BEGIN Entries shown

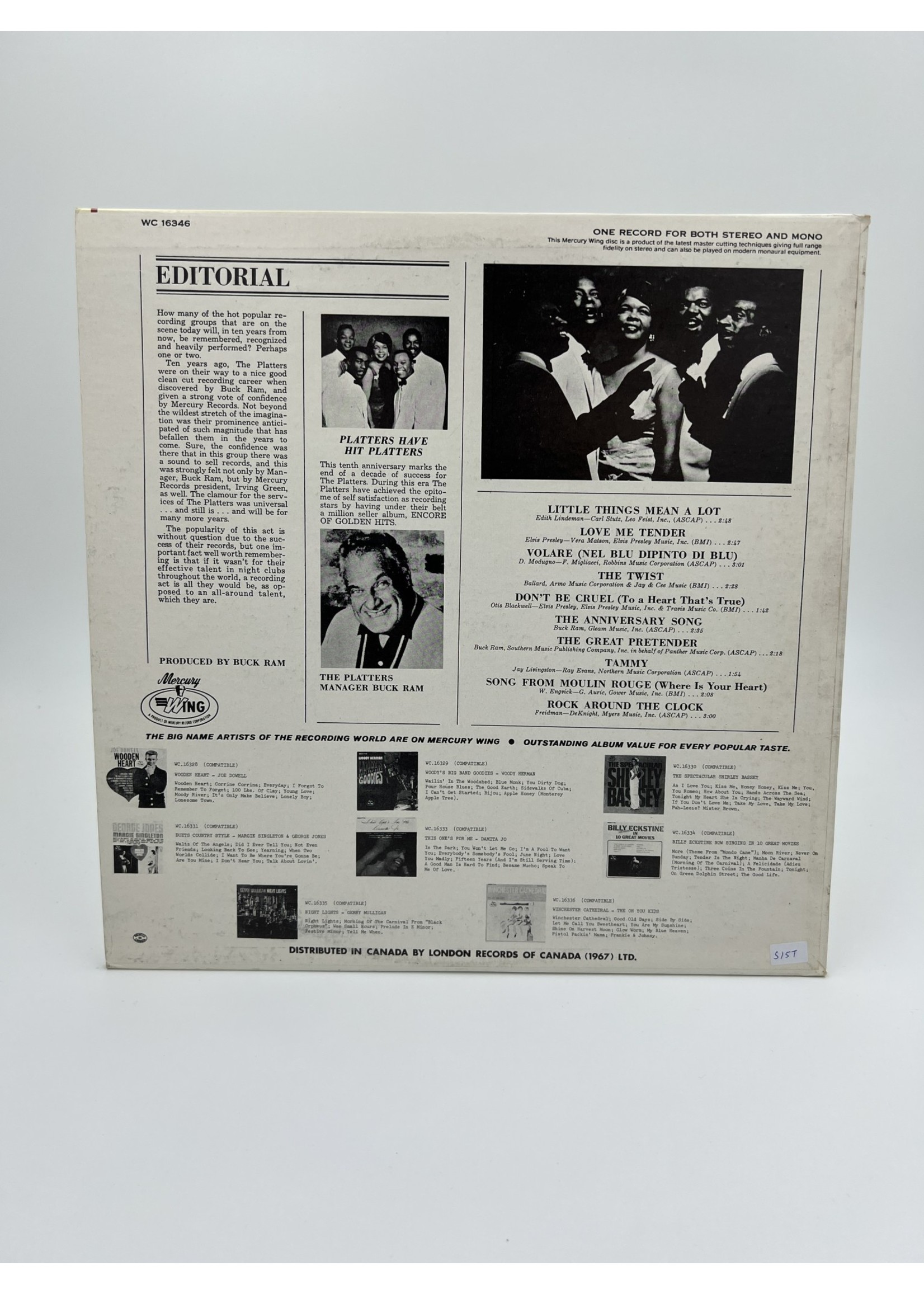 LP The Platters Special Edition 10th Anniversary Album LP RECORD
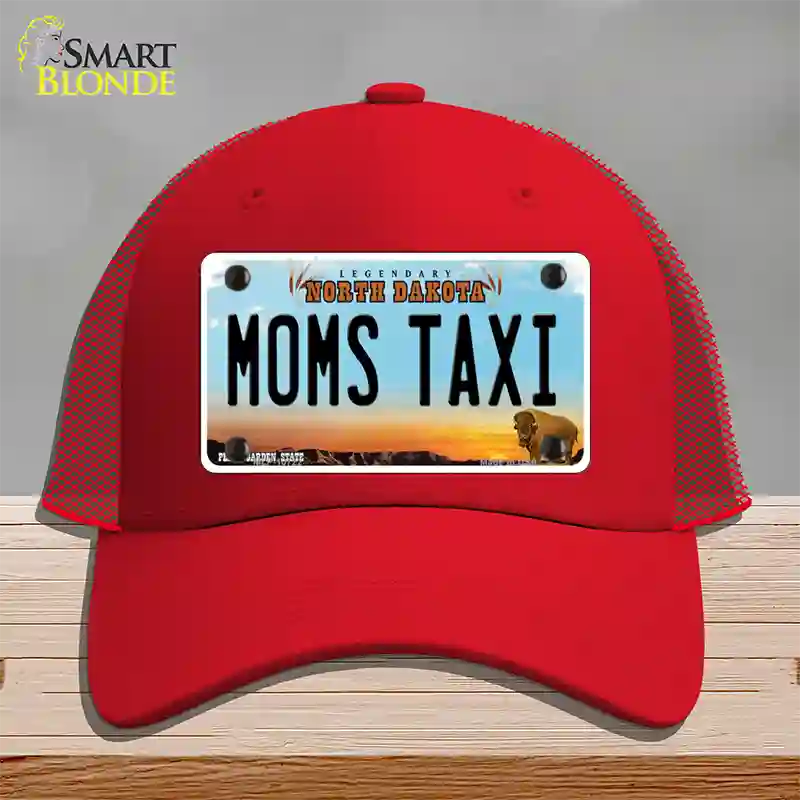 Moms Taxi North Dakota Novelty License Plate Hat Mesh / Red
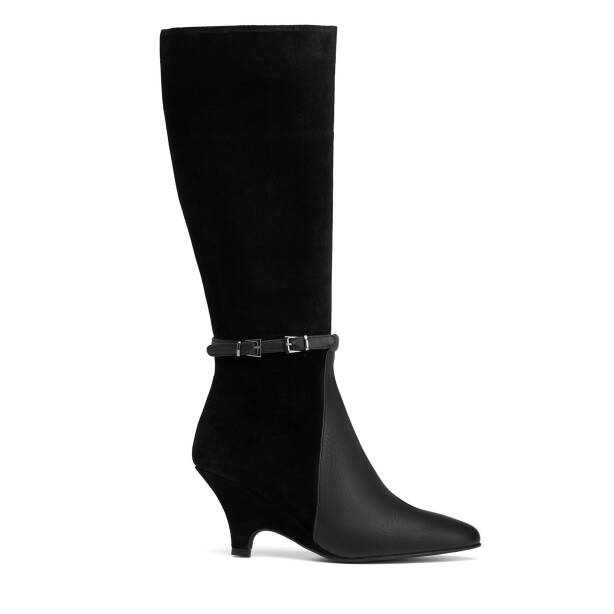 Siyah Hakiki Süet Deri Kadın Çizme - K26K1CM68717-F49 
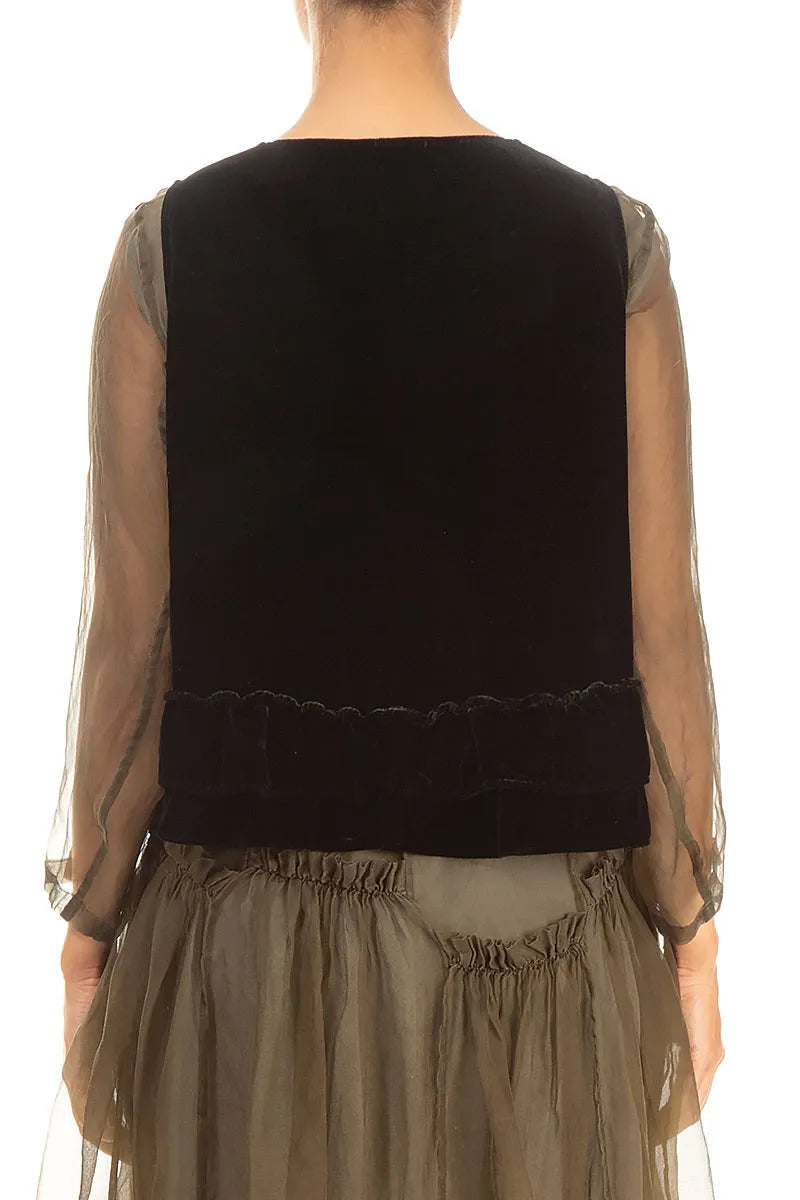 Gilet en velours de soie noire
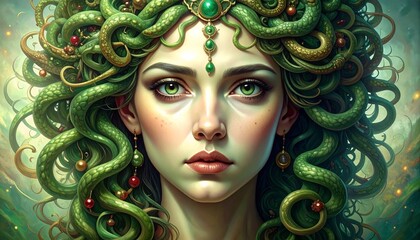 Mystical portrait of an ethereal woman with intricate green serpentine hair adorned with shimmering emerald jewels, her gaze holding ancient secrets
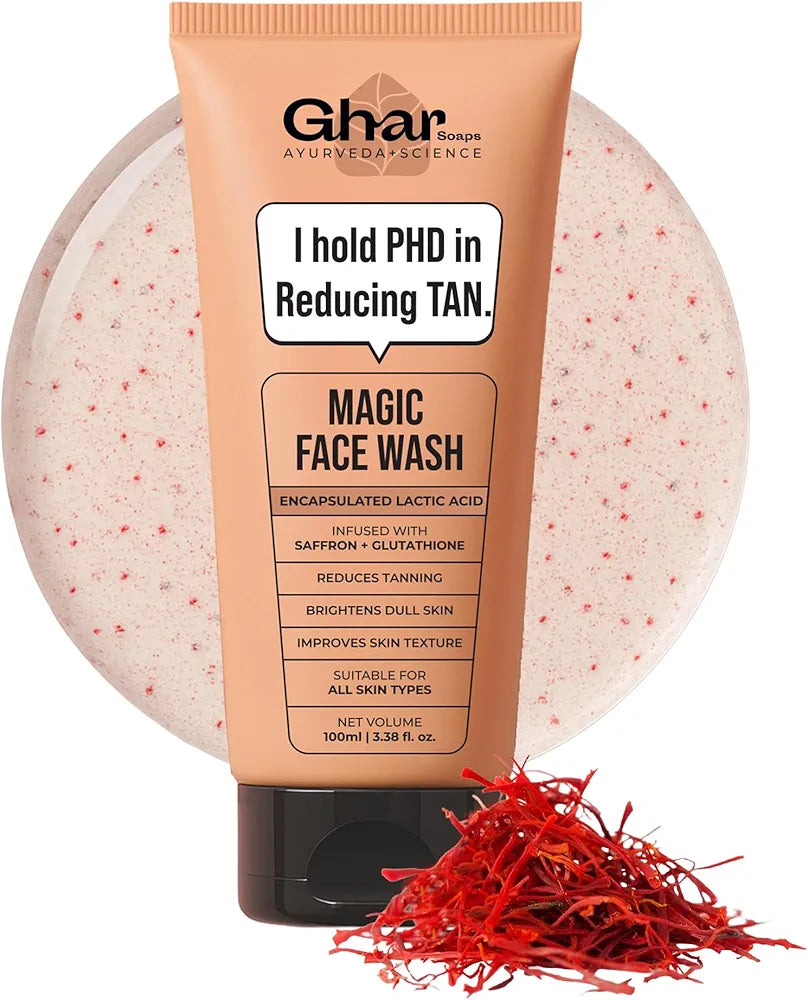 Ghar Soaps Magic De-Tan Face wash With Saffron & Glutathione 100ml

END Entries shown

▸ **Exercise objective**: Excluding all pictures, output exactly the lines from the line containing "Mystical portrait of" through the last line of the entries above.

▸ **Result of the exercise**:
 Mystical portrait of an ethereal woman with intricate green serpentine hair adorned with shimmering emerald jewels, her gaze holding ancient secrets
 Ghar Soaps Magic De-Tan Face wash With Saffron & Glutathione 100ml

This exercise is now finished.